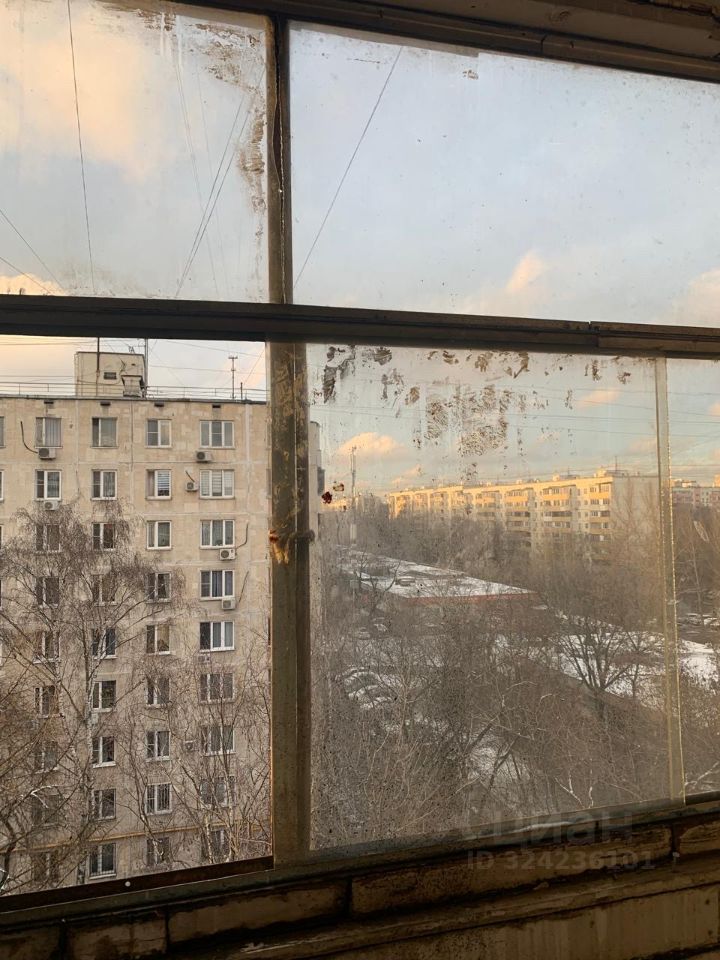 Продажа 4-комн квартиры на вторичном рынке улица Красный Казанец, 19К2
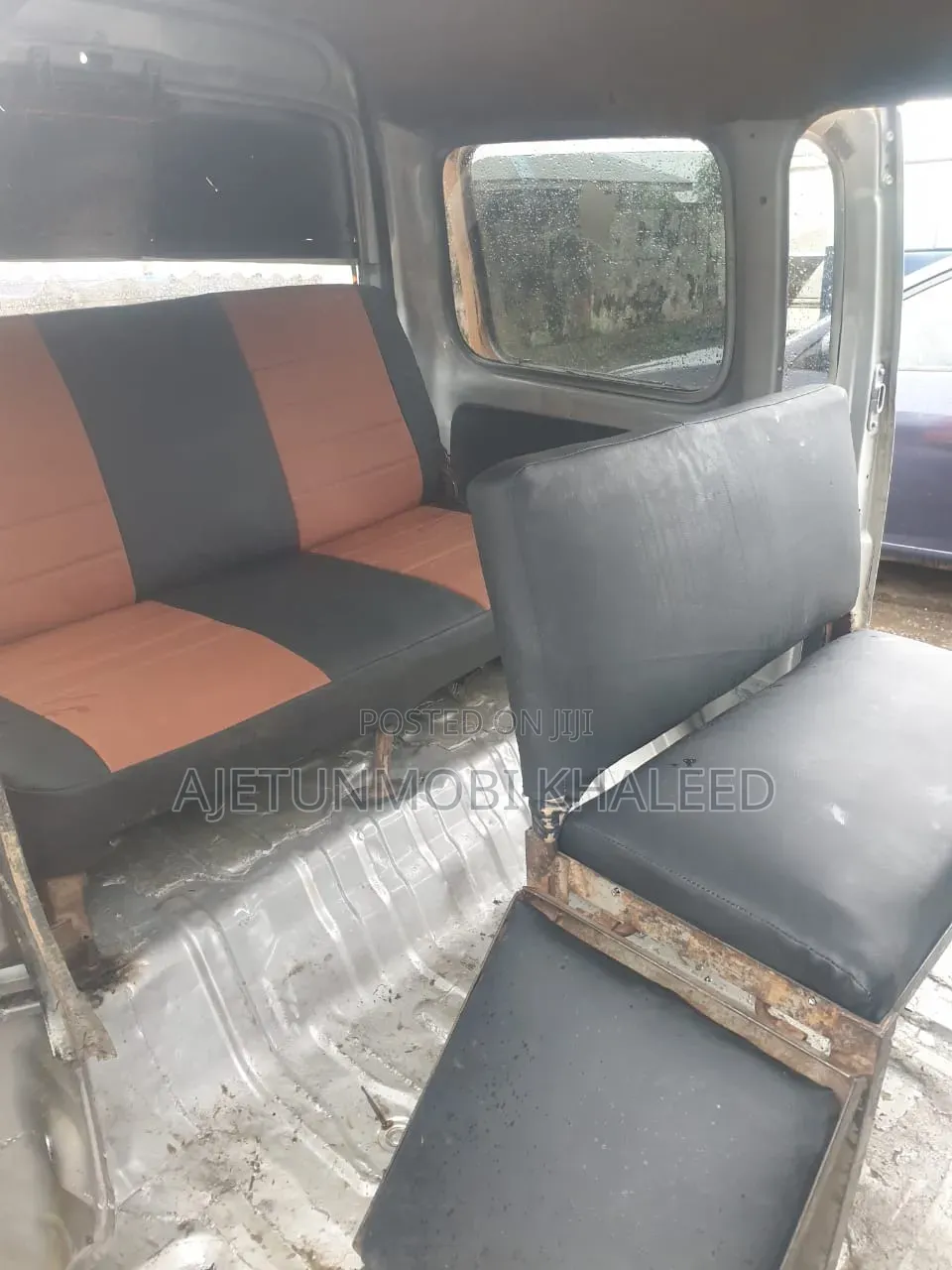 Suzuki APV Minibus 2010 Yellow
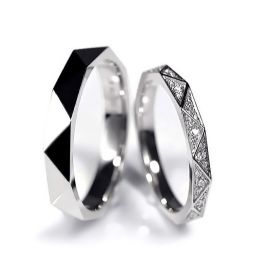 Coppia Anelli Triangulaire - Oro Bianco Finitura Lucida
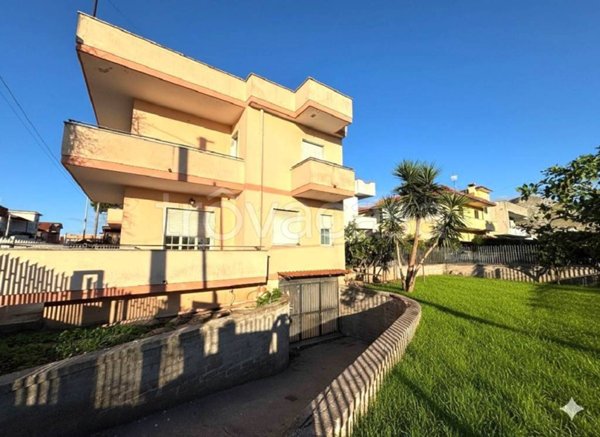 casa indipendente in vendita a Mondragone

YOUR TASK
Give an exact copy of the listing above that leaves out every picture.

EXERCISE SOLUTION
 Продажа 4-комн квартиры на вторичном рынке улица Красный Казанец, 19К2
 Suzuki APV Minibus 2010 Yellow
 Coppia Anelli Triangulaire - Oro Bianco Finitura Lucida
 casa indipendente in vendita a Mondragone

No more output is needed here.